## PROVIDED MATERIAL:
▼
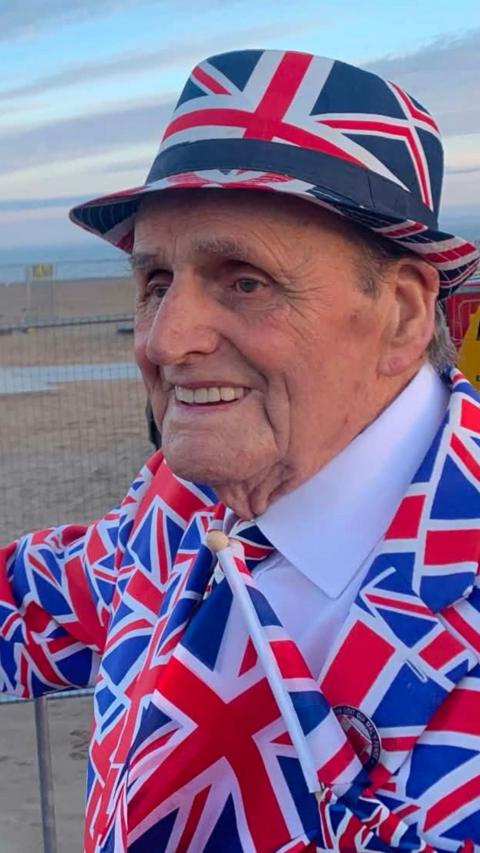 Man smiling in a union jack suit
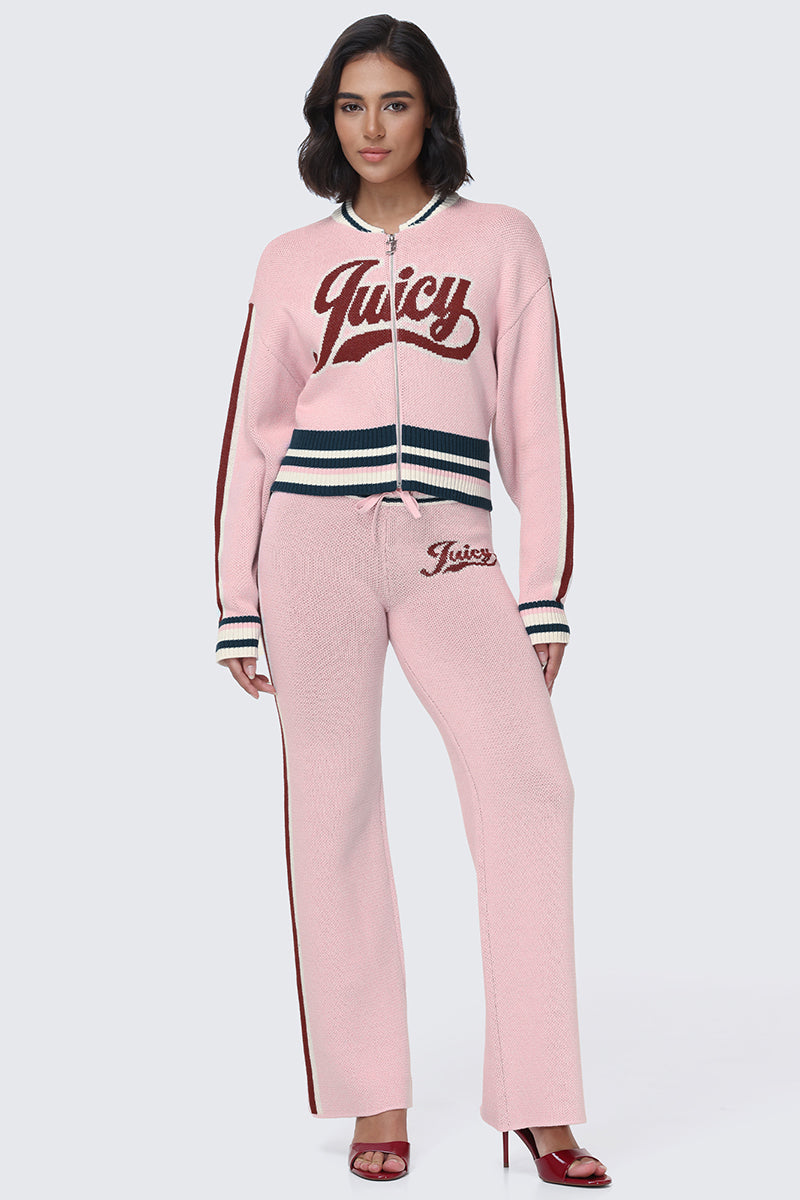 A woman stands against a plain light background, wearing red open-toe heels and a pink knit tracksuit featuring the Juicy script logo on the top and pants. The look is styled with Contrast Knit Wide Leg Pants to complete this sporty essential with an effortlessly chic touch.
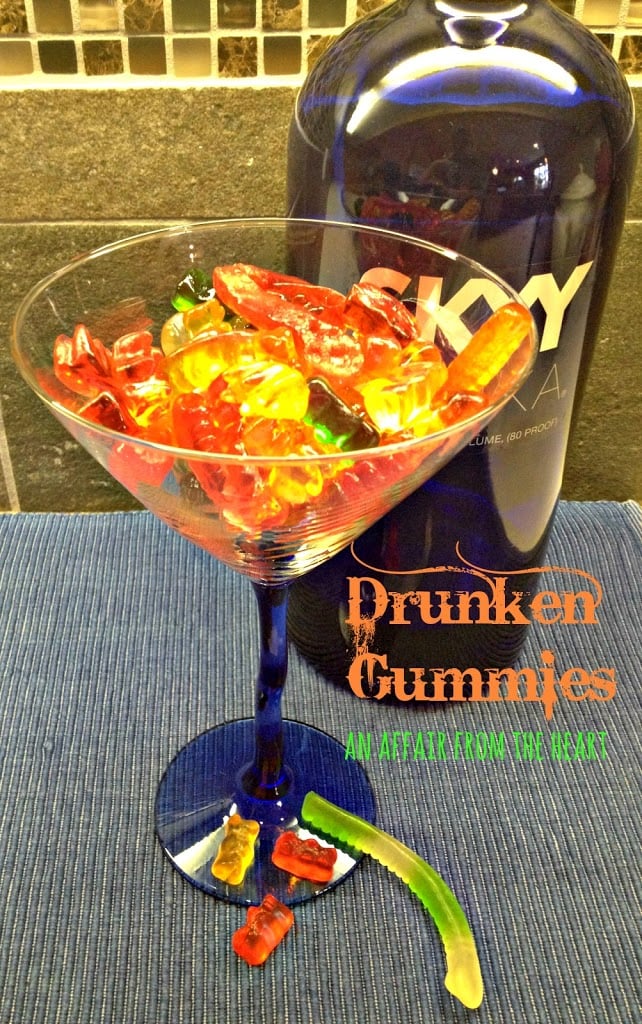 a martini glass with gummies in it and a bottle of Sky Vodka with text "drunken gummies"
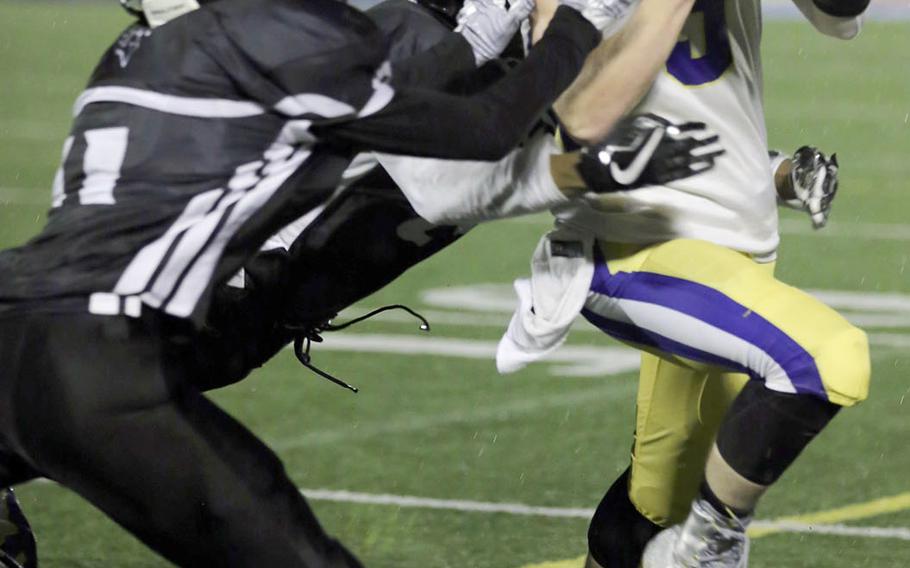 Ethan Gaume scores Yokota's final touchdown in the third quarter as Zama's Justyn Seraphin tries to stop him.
▲
## WHAT THIS TASK INVOLVES:
Omit the pictures, then retype the remaining material without a single change.

## EXPECTED ANSWER:
 Man smiling in a union jack suit
 A woman stands against a plain light background, wearing red open-toe heels and a pink knit tracksuit featuring the Juicy script logo on the top and pants. The look is styled with Contrast Knit Wide Leg Pants to complete this sporty essential with an effortlessly chic touch.
 a martini glass with gummies in it and a bottle of Sky Vodka with text "drunken gummies"
 Ethan Gaume scores Yokota's final touchdown in the third quarter as Zama's Justyn Seraphin tries to stop him.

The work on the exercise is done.